After locating the line with "百万石 - 立食いで定番な早茹でタイプの中華麺。スープの味もしっかりしてて食べ応えあります！" in the entries below, output it and each following line up to and including the line with "A világ legkeskenyebb", exactly and without pictures.

> [DATA UNDER STUDY]
______

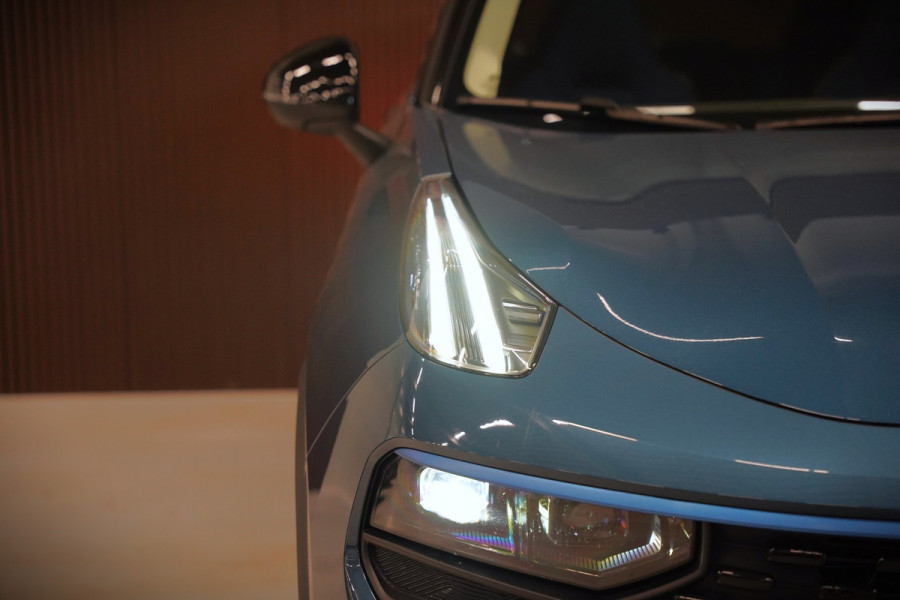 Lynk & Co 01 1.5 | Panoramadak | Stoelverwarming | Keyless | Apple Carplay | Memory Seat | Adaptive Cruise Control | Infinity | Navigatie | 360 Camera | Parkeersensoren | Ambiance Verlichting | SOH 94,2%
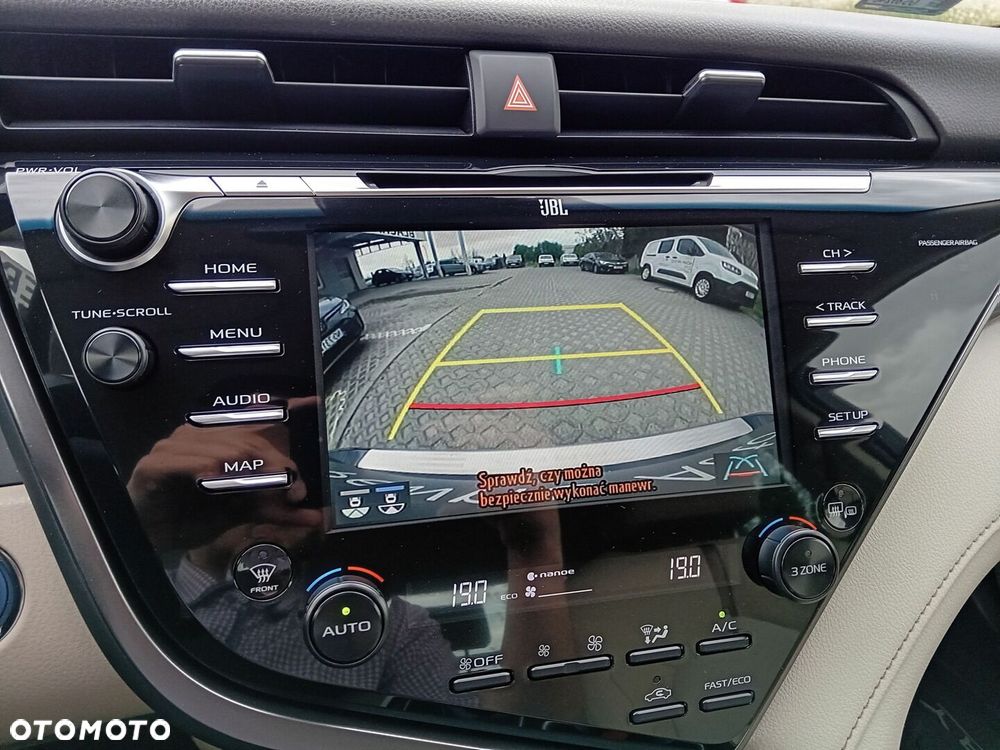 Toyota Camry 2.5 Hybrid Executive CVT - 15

______

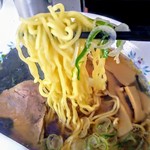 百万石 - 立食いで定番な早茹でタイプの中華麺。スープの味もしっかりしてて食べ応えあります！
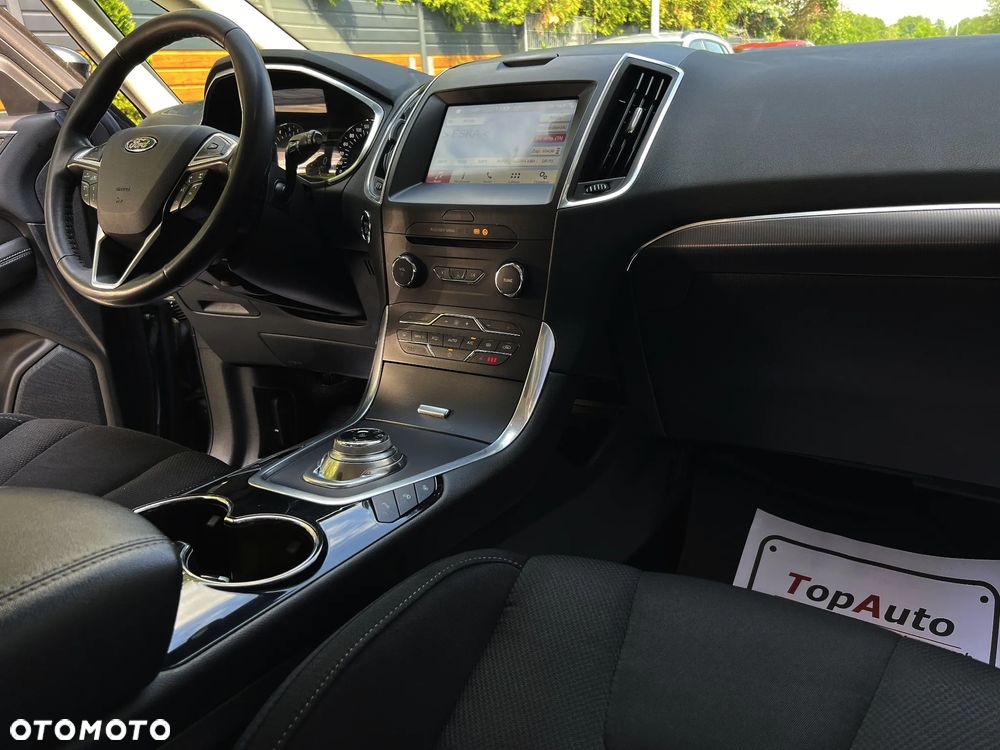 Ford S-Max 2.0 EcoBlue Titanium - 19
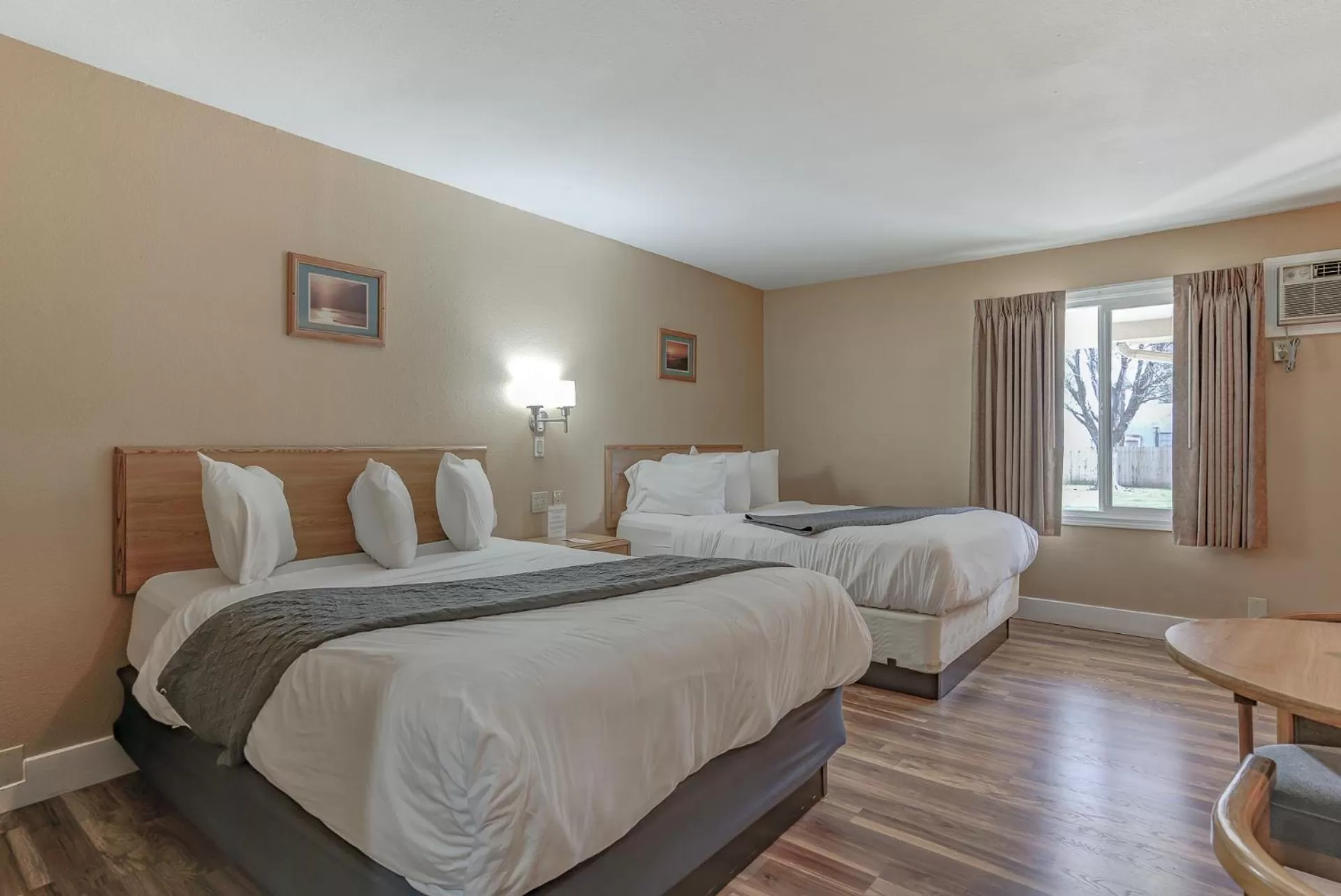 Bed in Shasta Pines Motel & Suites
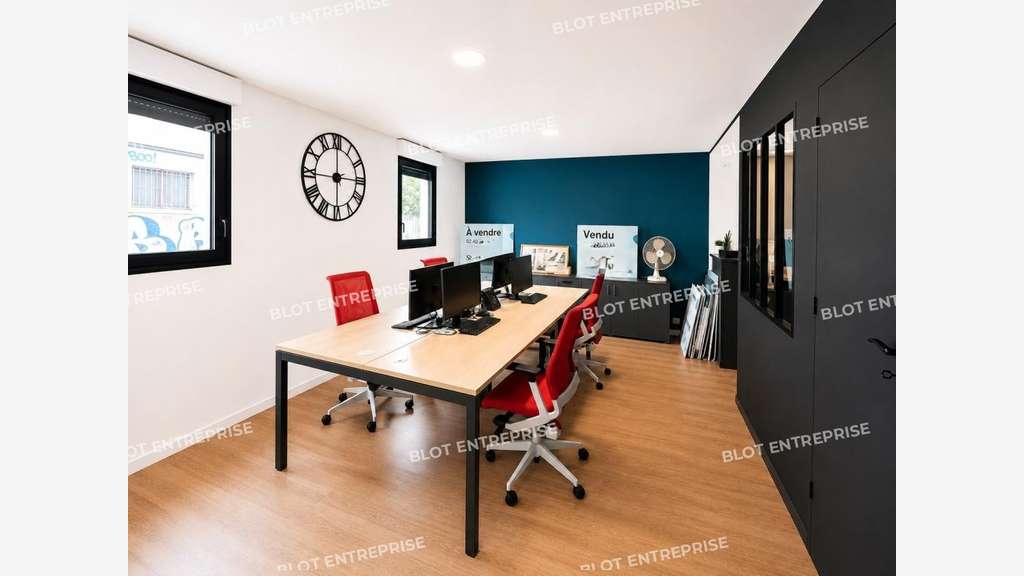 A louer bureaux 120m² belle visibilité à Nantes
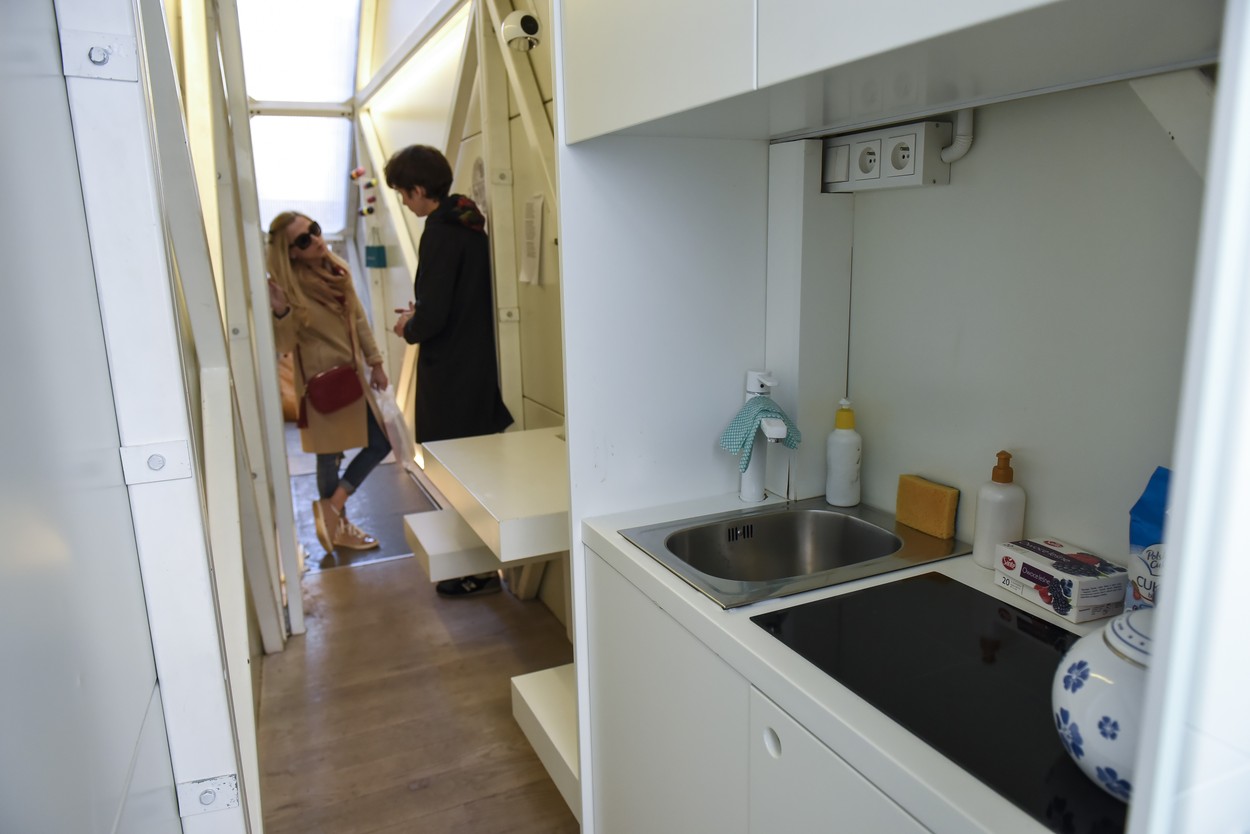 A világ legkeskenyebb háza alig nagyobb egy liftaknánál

______

> [WRITTEN REPLY]
 百万石 - 立食いで定番な早茹でタイプの中華麺。スープの味もしっかりしてて食べ応えあります！
 Ford S-Max 2.0 EcoBlue Titanium - 19
 Bed in Shasta Pines Motel & Suites
 A louer bureaux 120m² belle visibilité à Nantes
 A világ legkeskenyebb háza alig nagyobb egy liftaknánál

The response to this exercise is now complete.